For each record that follows, restate the text exactly and drop the pictures.

+++ ENTRIES SHOWN +++

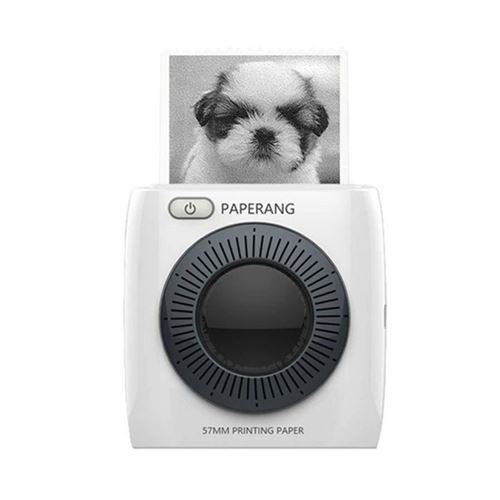 PAPERANG P2 Handheld Mini Bluetooth Imprimante thermique 300dpi HD 1000mAh Batterie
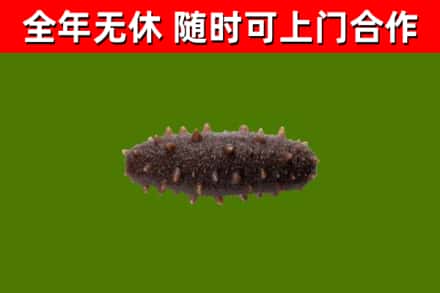 巫山县回收海参干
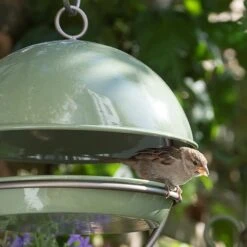 Hanging Bird Feeding Dome - Crocus Green -GardenGlamour pr2000040693 card2 lg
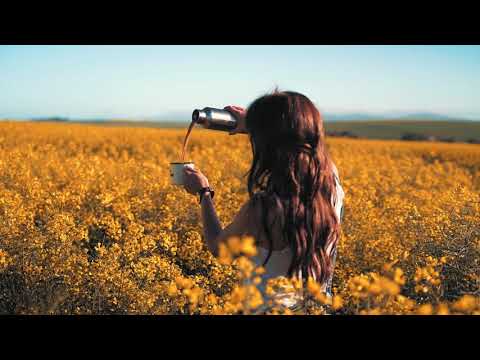 amazing tea time#noshi#volgs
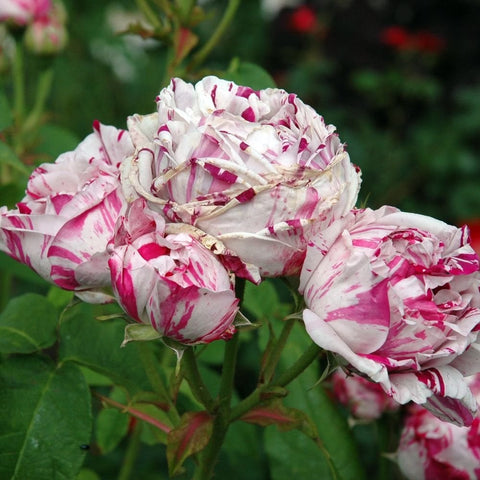 Rose flowers on green stems: white petals with magenta patches and streaks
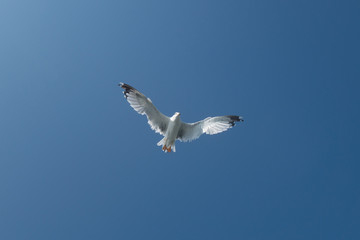 
seagull in flight over the sea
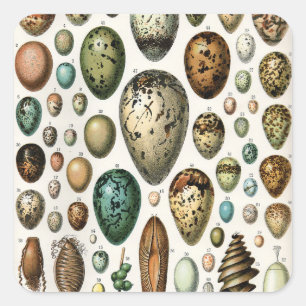 Adolphe Millot Dark Academia Vintage Bird Egg Art Square Sticker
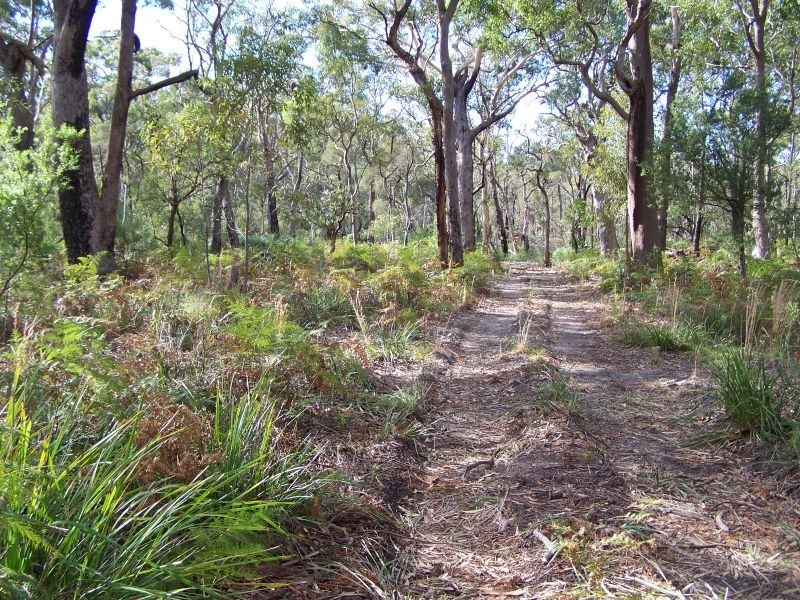 Lot 9 Nardoo Street, Pindimar NSW 2324
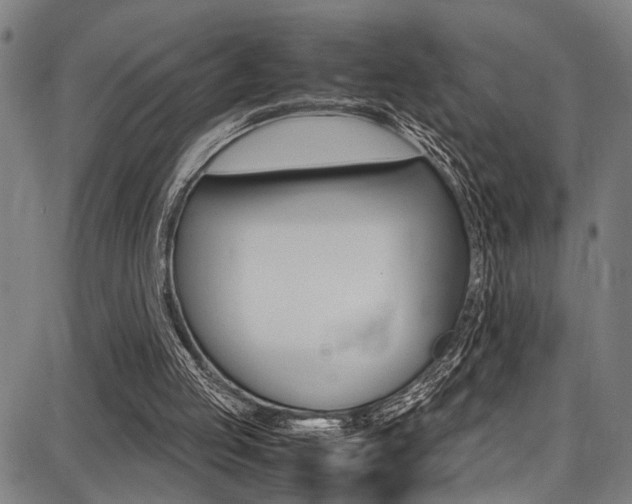 X0000087710053200705040926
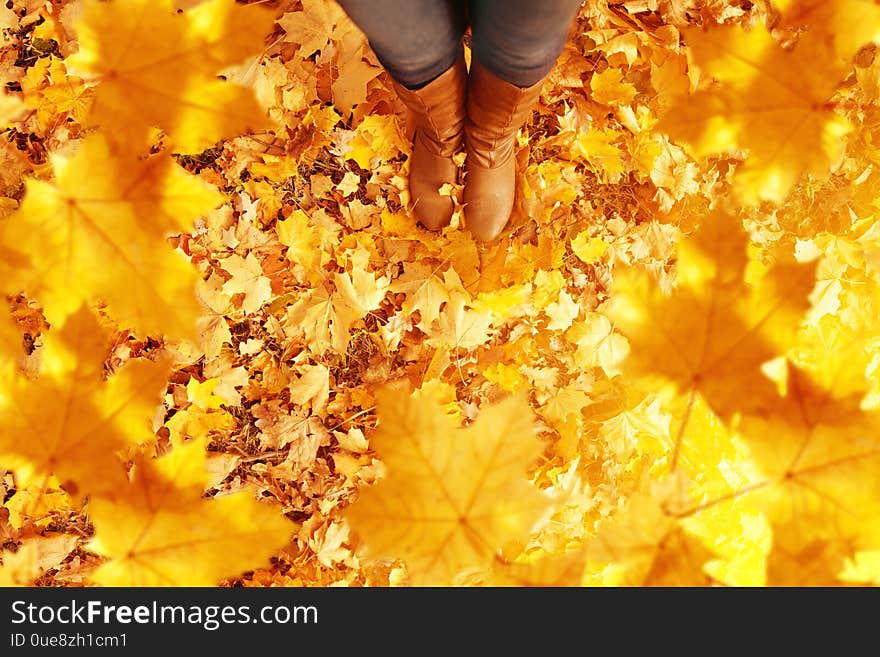 Fall, autumn, leaves, legs and shoes. Conceptual image of legs in boots on the autumn leaves. Feet shoes walking in nature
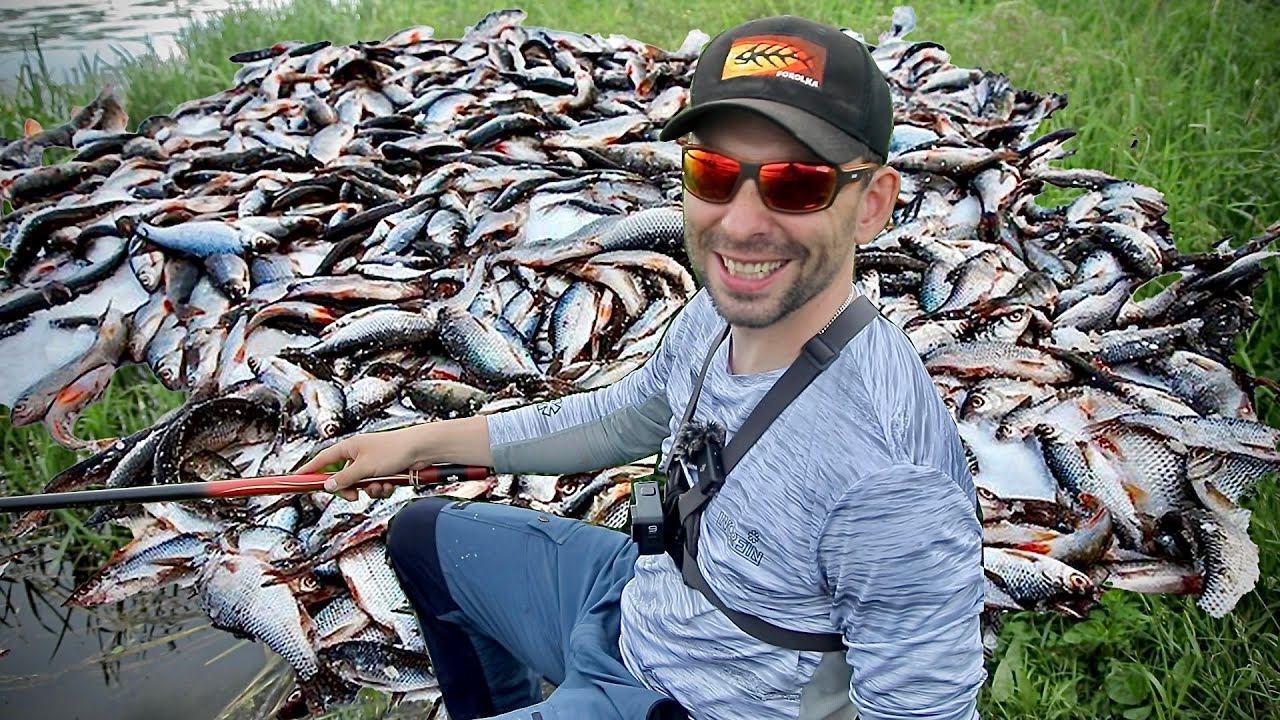 300 РЫБ ЗА 3 ЧАСА?! ХУЖЕ БРАКОНЬЕРА!!! Ловлю на поплавок карася... смотреть онлайн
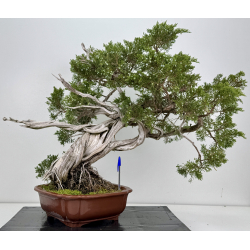 Juniperus sabina -sabina rastrera- A01616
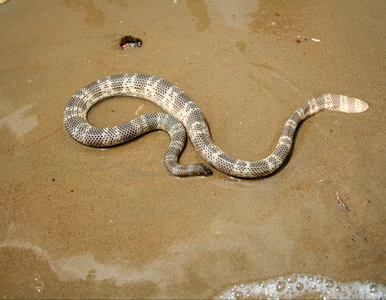 Miniatura: Węże postrachem na plażach. Są jadowite i...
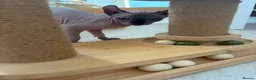 Sphynx cats for sale: Stunning sphinx kittens ready now - Advert 4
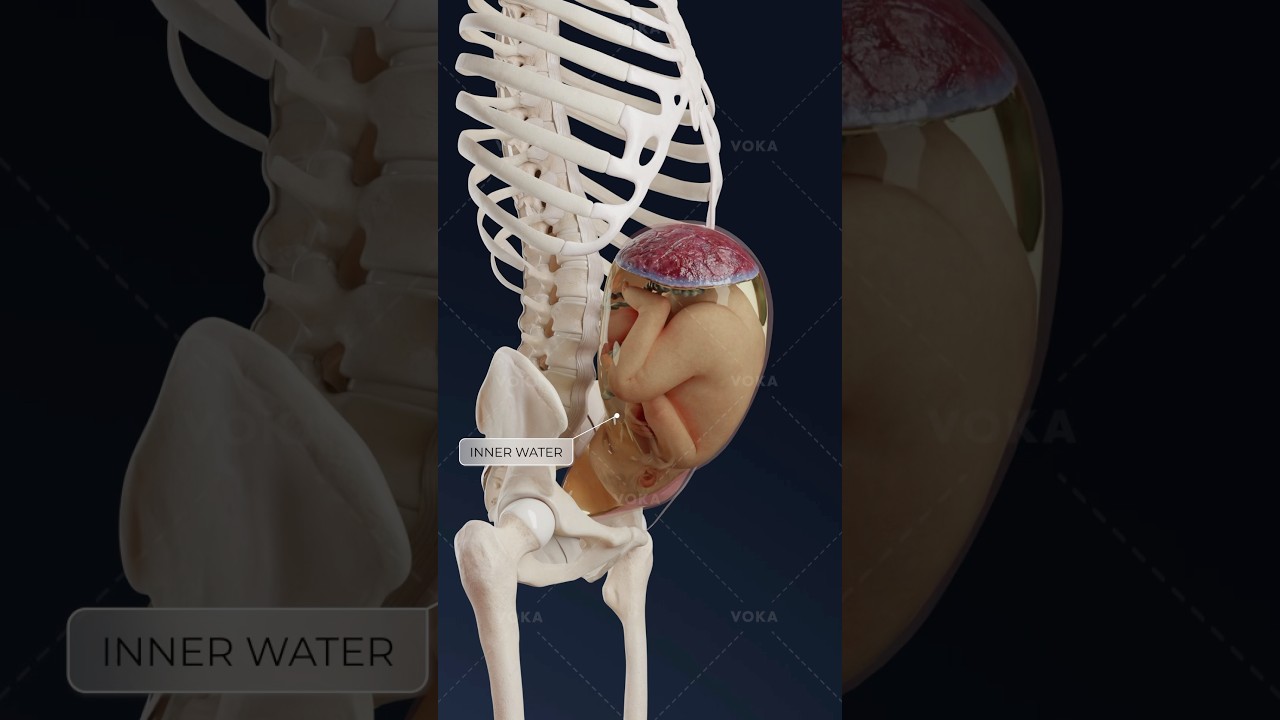 Qu'est-ce qu'une pr&eacute;sentation oblique du f&oelig;tus et comment cela affecte-t-il l'accouchement ? 3D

+++

TASK SOLUTION:
 PAPERANG P2 Handheld Mini Bluetooth Imprimante thermique 300dpi HD 1000mAh Batterie
 巫山县回收海参干
 Hanging Bird Feeding Dome - Crocus Green -GardenGlamour pr2000040693 card2 lg
 amazing tea time#noshi#volgs
 Rose flowers on green stems: white petals with magenta patches and streaks
seagull in flight over the sea
 Adolphe Millot Dark Academia Vintage Bird Egg Art Square Sticker
 Lot 9 Nardoo Street, Pindimar NSW 2324
 X0000087710053200705040926
 Fall, autumn, leaves, legs and shoes. Conceptual image of legs in boots on the autumn leaves. Feet shoes walking in nature
 300 РЫБ ЗА 3 ЧАСА?! ХУЖЕ БРАКОНЬЕРА!!! Ловлю на поплавок карася... смотреть онлайн
 Juniperus sabina -sabina rastrera- A01616
 Miniatura: Węże postrachem na plażach. Są jadowite i...
 Sphynx cats for sale: Stunning sphinx kittens ready now - Advert 4
 Qu'est-ce qu'une pr&eacute;sentation oblique du f&oelig;tus et comment cela affecte-t-il l'accouchement ? 3D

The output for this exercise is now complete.